An elderly man in the crowd shook his head and asked, “What's that he yelled? About the blood?”
“'Hate's in our blood,'” the bearded man answered, suddenly sounding less sarcastic. “He said, 'Hate's in our blood.'”
Libby wanted to correct them. She wanted to scream the truth as she knew it to be, but she also didn't want draw attention to herself. She kept quiet, listening to them go on.
“Maybe it's the contamination,” another woman proposed. “Maybe they went off their supplements and it changed them. Maybe they're not even human anymore.”
“I think it's safe to say that they're not human,” replied the woman who had scolded the crowd moments earlier.
Libby's eyes were filling with tears. Uly was a human being. He meant something. His life mattered to people. To her. To Justin. To Marti and Amanda.
As she thought of her mother's name, Libby once again thought about what Amanda must be going through. Hospitals were bad enough on a normal day, but to see what the news was showing, and to be alone would be horrific. On top of the cancer, she would probably have to deal with HAND. They would ask her all about Uly, and what would she say? Would she lie to protect herself? Or would she demand that he wasn't the monster that everyone believed him to be?
As Libby played out that scene in her mind, it took an ugly turn. She could imagine Amanda insisting that Uly was a good person, and the people asking questions would see this as sympathy toward Hate. They might mistake Amanda for a member herself and take her to prison—assuming they didn't shoot her in the head right there.
Amanda would die in prison. She would receive no treatment for her cancer. She would die a slow, agonizing death. All because Uly was a member of Hate.
She was growing angry at Uly again. She hated him for a moment, until the TV replayed his death again in gory, horrifying detail. Then, she couldn't hate him. All she could do was hate her situation. Hate her life.

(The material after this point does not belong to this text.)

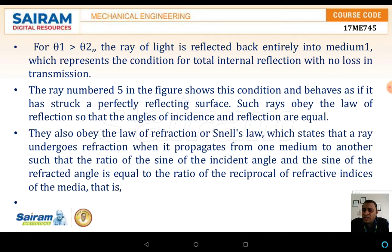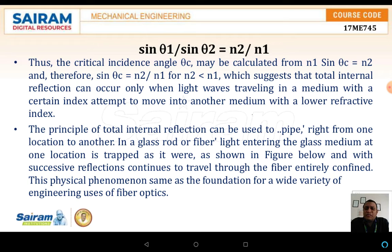This phenomenon is adopted in optical fibers. They also obey Snell's law, which states that a ray undergoes refraction when it propagates from one medium to another, such that the ratio of the sine of the incidence angle to the sine of the refracted angle equals the ratio of the reciprocal of the refractive indices — that is, sin θ1 / sin θ2 = n2 / n1. This basic principle suggests that total internal reflection can occur only when light traveling in a medium with a certain index attempts to move into a medium with a lower refractive index.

Hate the system. Hate the world. Things were hard enough when all she had to deal with was a sick mother and the loss of whatever youth she had left. Now her life was insufferable. Maybe Uly was the lucky one. At least he got out early.

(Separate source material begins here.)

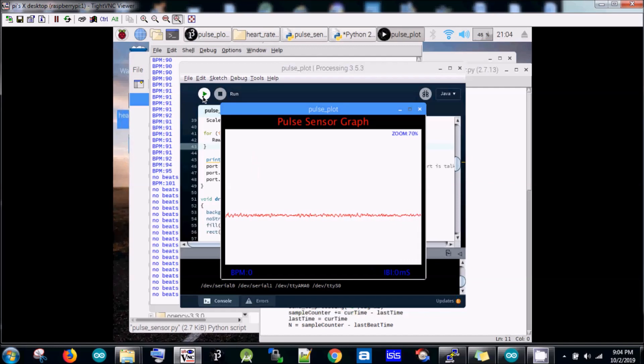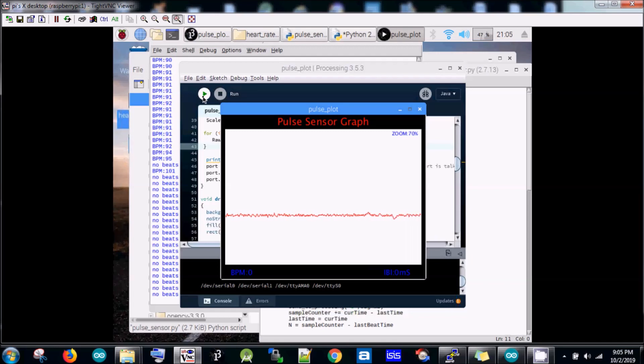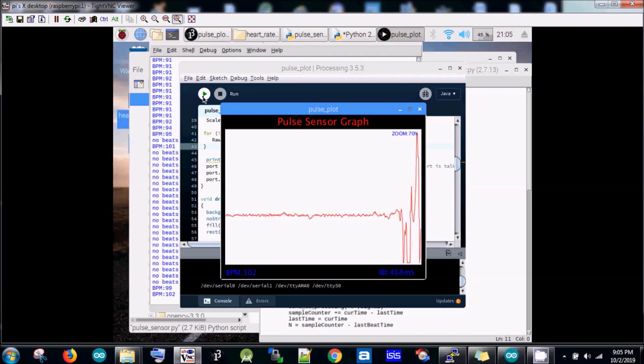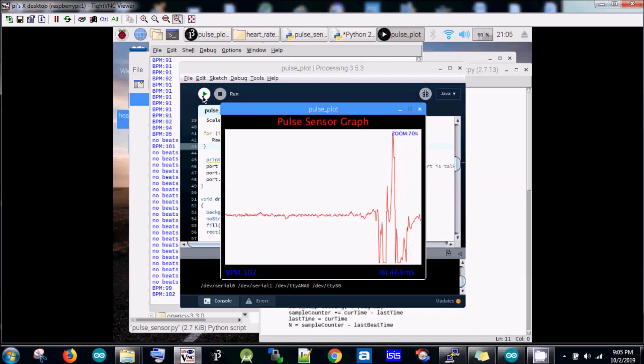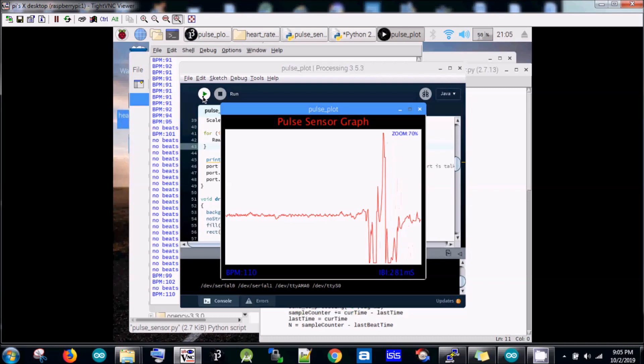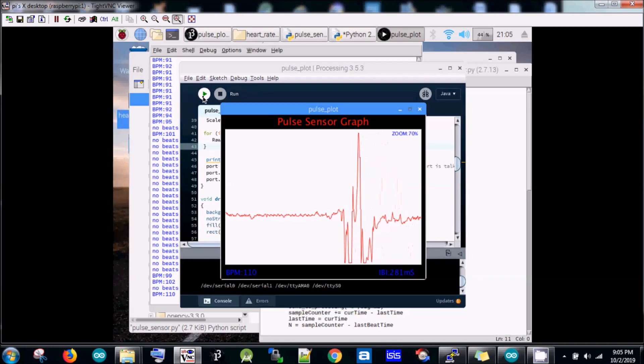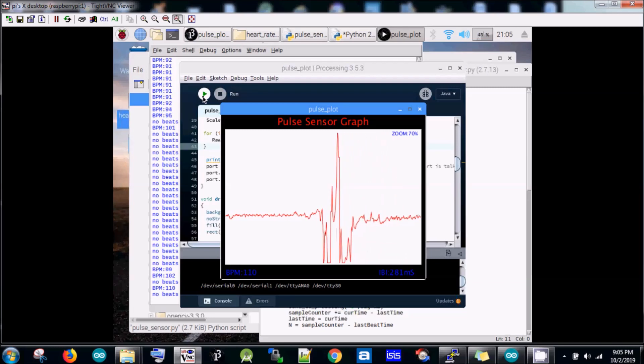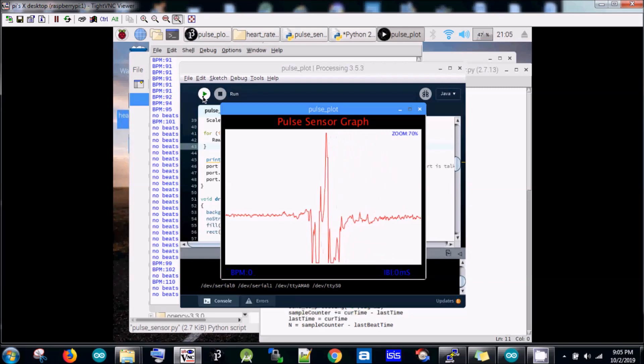We can see there is no beat found and the graph is also plain. Now I'm going to put my finger again, and we can see the changes in the graph.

The longer Libby stayed with that crowd and watched the news, the more she expected to see her own face flashed across the screen. Zuxu knew that she was there that day and that she went to find her cousin. She was tied to this situation and HAND would be looking for her. She didn't know what to do about that. She didn't know whether she should run for her life or turn herself in. Surely, there had to be a system in place for people like her. The government wouldn't just wipe out anyone who happened to be related to a member of Hate. After all, Collin Power's family was going to be on the news that night, until a bigger story broke. They were still alive.

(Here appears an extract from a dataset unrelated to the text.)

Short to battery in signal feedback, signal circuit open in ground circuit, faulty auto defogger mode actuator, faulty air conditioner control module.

Her home would be the safest place for her. If someone wanted to find her, they could find her. It wouldn't look like she was running or hiding if she went home. She could tell the authorities the truth about the argument that she had with Uly, and how she left him behind at the hospital.
They'd ask what the fight was about. If she told them, they might think that she was a sympathizer. What would she say if they asked her if she ever planned to turn him in? That she couldn't? Because she didn't want to see her cousin put in prison? That sounded an awful lot like sympathy.
She walked away from the TV and the crowd, and toward her home. If Amanda had been released from the hospital, she could be there already.
On her way home, she walked through the questions that HAND might ask her. She practiced her response, telling them that Uly never approved of her boyfriend and she was tired of his trying to rule her life. It was true enough to not be a lie.
And then there was the conversation that she would have to have with Amanda in private. How that discussion would go was anybody's guess. Would Amanda be sad about Uly's death? Would she believe what was being said about him on TV? Would she be angry about what he was, and glad that he was dead?